All,
First of all, apologies if this is an inappropriate forum. I do not have a support contact for this issue. We are VMware customers, however our licenses are purchased through an academic reseller. Our concern is that this bug has crept into recent releases and perhaps gone unnoticed in QA. It's serious enough for us to consider moving to other hypervisor products.
I believe there may be a serious bug in OVFtool's disk read code. We observe that VMs are created OK after upload or import, but disk contents are zero-filled. No error conditions are reported at any time. It is only clear that the bug has been exercised, when an uploaded or imported VM fails to boot.
We have several research VMs with multiple LANs, which run FreeBSD 8.2 in VMware Fusion 5.0.2, MacOS X 10.8.2 Mountain Lion. I was also able to reproduce the bug with a fresh installation of vSphere ESXi 5.1 and ovftool 3.0.1. V
Using the separately packaged ovftool, I can export the VMs inside Fusion, by giving fully qualified paths to their VMX files. The bug appears to be in VMDK read. I exercised it in two use cases, Fusion OVA import and ESXi OVA upload, as follows:
- If I import an affected OVA into Fusion from the GUI, Fusion will invoke its own copy of ovftool 3.0.1 to perform the import. VMs are created with a sane VMX file. VMDKs are created. However their contents are zero-filled, and the VMDK contents in the OVA have been ignored.
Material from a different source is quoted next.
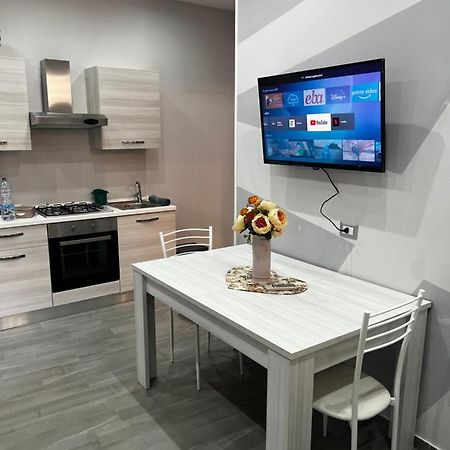 House Tomas Apartment Napoli Bagian luar foto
- If I upload an affected OVA to ESXi, using ovftool and a vi:// target URL on the command line, the same bug is observed with ESXi. Again, the VMX is sane - we inspected this by SSHing into ESXi and manually reviewing the VMX on the VMFS data store with vi. The VMDK contents are zeroed on the VMFS datastore, and the VMDK contents in the OVA have been ignored.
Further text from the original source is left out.